Whilst we cannot define what a man is, we are still allowed to say that the “real” oppressor of women is “cis man” — that is, the biologically male person who identifies with his maleness. But where does that leave us? It implies the very inevitability to male supremacy that feminists have always fought against. 

Cis man can’t socially transition; that wouldn’t be true to his cis manliness. Instead we are left having to accept there is some quality which, say, Jon Stewart, Matt Walsh, Owen Jones and others all possess, a quality which isn’t down to physical difference, but which I and all other female people, including trans-identifying men, lack. This quality explains why they dominate and we do not. Unless it’s “being a sexist, bullying wanker”, I can’t think what it is. 

This, then, has been the resolution to masculinity in crisis: cis men are the people who dominate, who get to steal all the resources, who can’t possibly be expected to change. Trans women are the people who get all the stuff cis men rule themselves out of getting by being the dominators: the victim status, the need for protection, that privileged vulnerability that female people have spent all those millennia hogging to themselves.

The only thing neither group can access is the reproductive capacity of female people, which leaves us to be the ovulators, the menstruators, the gestators, the birthers. Hey presto! Far from being reduced to sperm donors, as the men’s rights activists feared, male people have reduced female people to their reproductive capacity all over again. Not only that, but they’ve taken “being oppressed on the basis of sex” from us whilst they’re at it. 

So then, what is a man?
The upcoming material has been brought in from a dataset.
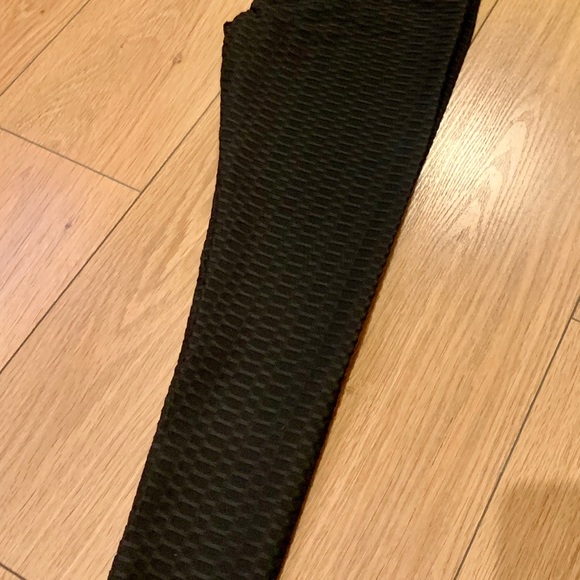 Flamingo Butt Lift Leggings - Picture 6 of 6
A man, as Mary Daly wrote, is one with “the power of naming”. On that score, I’d say Jon Stewart is seriously out-manning Matt Walsh. I hope he thinks it is worth it. 

There was a time when I thought men like Stewart understood that the lives of women and girls were worth more than their own masculine psychodramas. Turns out it’s all about status and showing the old-style misogynists how it’s done. 

Well done, Jon. You’re really manly. The manliest man of all mankind. Just don’t kid yourself that women — the ones you won’t even name — don’t see you for what you really are.